LUXEMBOURG – Ice hockey is the coolest game in the desert. At the 2014 IIHF Ice Hockey World Championship Division III in Luxembourg, the United Arab Emirates became the first Arab country to win a point in the World Championship program. Now they think about hosting the event next year.

Among the smaller Asian nations, the Emirates are already a hockey power with one gold and three silver medals in the IIHF Challenge Cup of Asia in recent years. Now the strongest national team from the Arabian Peninsula moves into the hockey mind of the other four billion of the world's population by playing in the World Championship program.

It’s only the third time the hockey cracks from the desert participate at this stage. The first two times the Emirati left empty-handed. But the team has developed each year, and now the play – for a rather new team on the scene – has become like a fairytale combined with much heart.

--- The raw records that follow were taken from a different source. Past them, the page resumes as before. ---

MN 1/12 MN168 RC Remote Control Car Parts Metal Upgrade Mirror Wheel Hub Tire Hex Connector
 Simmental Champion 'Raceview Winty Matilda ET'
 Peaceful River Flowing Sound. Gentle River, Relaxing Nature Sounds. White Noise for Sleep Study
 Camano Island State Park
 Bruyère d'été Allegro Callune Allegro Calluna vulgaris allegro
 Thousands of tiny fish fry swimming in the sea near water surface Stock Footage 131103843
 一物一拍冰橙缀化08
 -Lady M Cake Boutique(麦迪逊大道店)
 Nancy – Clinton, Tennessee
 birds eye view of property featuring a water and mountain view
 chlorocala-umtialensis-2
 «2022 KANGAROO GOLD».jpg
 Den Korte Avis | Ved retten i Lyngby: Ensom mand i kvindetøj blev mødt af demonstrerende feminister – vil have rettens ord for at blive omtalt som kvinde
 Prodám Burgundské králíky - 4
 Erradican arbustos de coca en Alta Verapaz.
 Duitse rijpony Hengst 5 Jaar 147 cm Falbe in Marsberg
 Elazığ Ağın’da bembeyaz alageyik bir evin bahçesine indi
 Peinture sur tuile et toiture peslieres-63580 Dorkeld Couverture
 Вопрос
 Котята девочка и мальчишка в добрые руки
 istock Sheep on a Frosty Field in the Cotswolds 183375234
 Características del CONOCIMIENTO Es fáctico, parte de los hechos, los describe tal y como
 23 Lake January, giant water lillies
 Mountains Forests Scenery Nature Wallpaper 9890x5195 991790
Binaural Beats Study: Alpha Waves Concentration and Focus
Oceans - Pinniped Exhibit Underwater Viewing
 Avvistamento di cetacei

Already in the first game, an all-Asian clash against Hong Kong, the Emirates earned one point but lost in a shootout. After Hong Kong’s first goal, Omar al-Shamisi marked the 1-1 tie. The assists came from Juma al-Dhaheri and Mohammed al-Shamisi. These names show that there are not just Canadian expats who play in the country but more and more natives with first names such as Ahmed, Ali, Faisal, Khaled or Sultan.

“As a child I was skating on the ice,” Faisal al-Suwaidi remembers. “When I was in the U.S., my hockey interest grew.” Back in UAE, in 2001, he founded a team in Abu Dhabi.

That was difficult, the defender recalls: “The equipment is expensive and football is much better known. To find players was not easy.”

Until 2006, the sport yet developed, and clubs and youth programs were created.

“The kids look at some tricks on YouTube and learn them on the ice. This shows that anyone can play ice hockey,” he said. “I'm a desert player, but I can do it.”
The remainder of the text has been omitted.